The positive method is the only efficient way to combat intellectual error and spiritual evil. False doctrines are never argued out of the world. They are pushed back by the incoming of the truth as the darkness is pushed back by the dawn. Phillips Brooks was right. It is not worth while to cross the street to break a man's idol. It is worth while to cross the ocean to tell him about God. The skilful fencer who attacks your doubts and drives you from corner to corner of unbelief and leaves you at last in doubt whether you doubt or not, does you a certain service. He gives you exercise, takes the conceit out of you. But the man who lays hold of the real faith that is hidden underneath your doubt,—the silent longing for God and goodness, the secret attraction that draws your heart toward Jesus Christ as the only one who has the words of everlasting life,—the man who takes hold of this buried faith and quickens it and makes you dare to try to live by it,—ah, that is the man who helps you indeed. My brothers, if any of you are going to be preachers remember this. What we men need is not so much an answer to our doubts, as more nourishment for our faith.
The positive method is the only way of victory in our struggle with the evil that dwells in our own nature and besets our own hearts. The reason why many men fail, is because they thrust the vice out and then forget to lay hold on the virtue. They evict the unclean spirit and leave a vacant house. To cease to do evil is important, but to learn to do good is far more important. Reformation never saved a man. Transformation is the only way. And to be transformed, a man must welcome the Spirit of Good, the Holy Spirit, into his heart, and work with Him every day, doing the will of God.
There are two ways of fighting fever. One is to dose the sick people with quinine and keep the fever down. The other is to drain the marshes, and purify the water, and cleanse the houses, and drive the fever out. Try negative, repressive religion, and you may live, but you will be an invalid. Try positive, vital religion, and you will be well.
There is an absorption of good that guards the soul against the infection of evil.

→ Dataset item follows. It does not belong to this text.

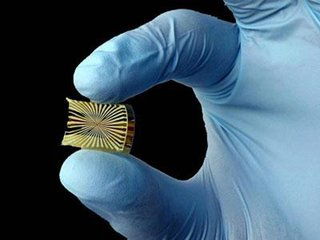 霍尔IC、霍尔元件、霍尔芯片、霍尔传感器、霍尔开关、磁传感器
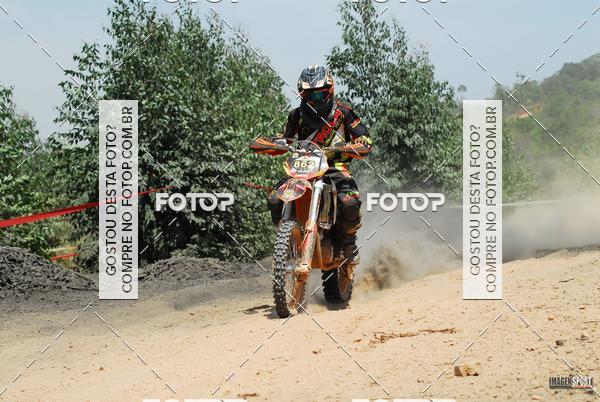 Buy your photos of the eventCampeonato Brasileiro e Mineiro de Enduro FIM on Fotop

There is a life of fellowship with Christ that can pass through the furnace of the world without the smell of fire on its garments,—a life that is full of interest as His was, being ever about His Father's business; a life that is free and generous and blessed, as His was, being spent in doing good, and refreshed by the sense of God's presence and approval.

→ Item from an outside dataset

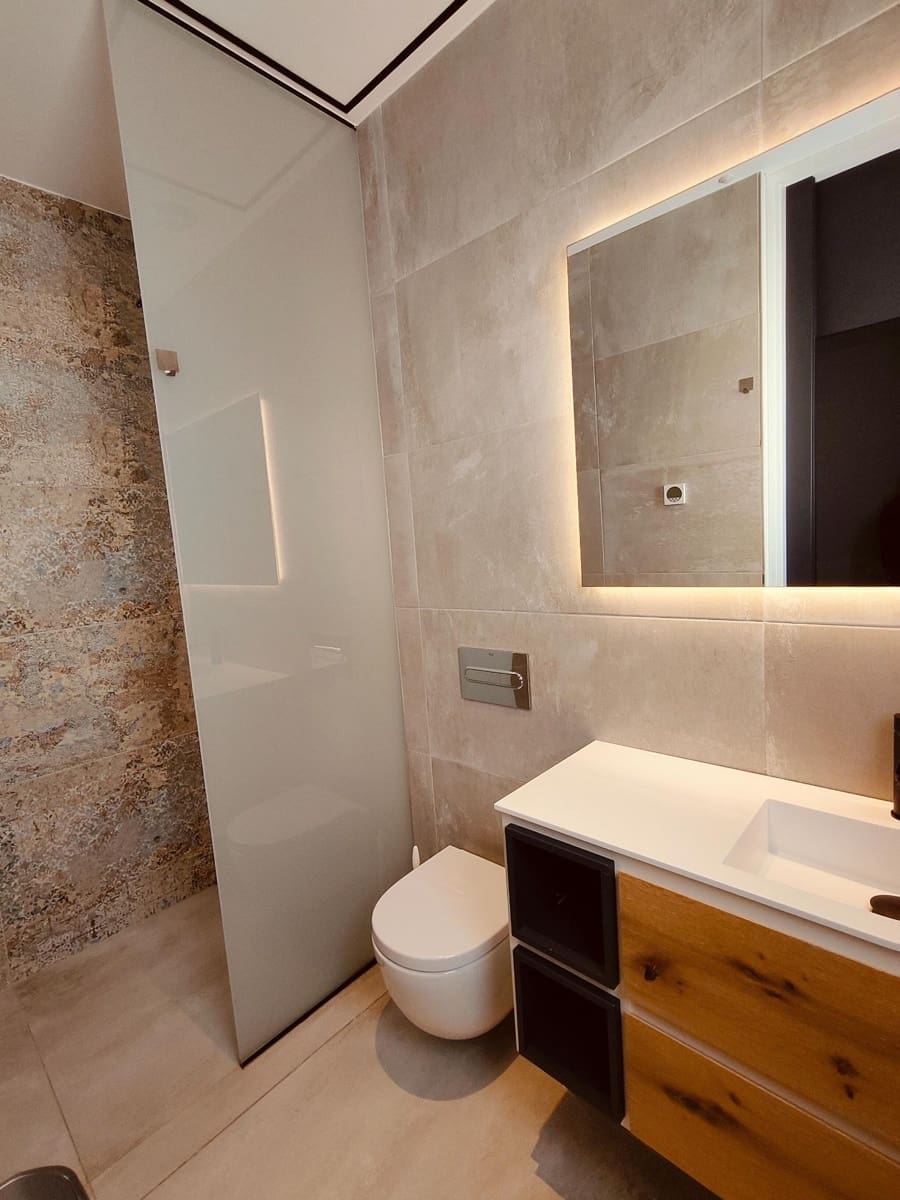 4 Zimmer Villa zu verkaufen in Ciudad Quesada mit Pool - 689.900 € (Ref: 9029844)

Last summer, I saw two streams emptying into the sea. One was a sluggish, niggardly rivulet, in a wide, fat, muddy bed; and every day the tide came in and drowned out that poor little stream, and filled it with bitter brine. The other was a vigorous, joyful, brimming mountain-river, fed from unfailing springs among the hills; and all the time it swept the salt water back before it and kept itself pure and sweet; and when the tide came in, it only made the fresh water rise higher and gather new strength by the delay; and ever the living stream poured forth into the ocean its tribute of living water,—the symbol of that influence which keeps the ocean of life from turning into a Dead Sea of wickedness.
My brother-men, will you take that living stream as a type of your life in the world? The question for you is not what you are going to get out of the world, but what you are going to give to the world. The only way to meet and overcome the inflowing tide of evil is to roll against it the outflowing river of good.
My prayer for you is that you may receive from Christ not only the watchword of this nobler life, but also the power to fulfil it.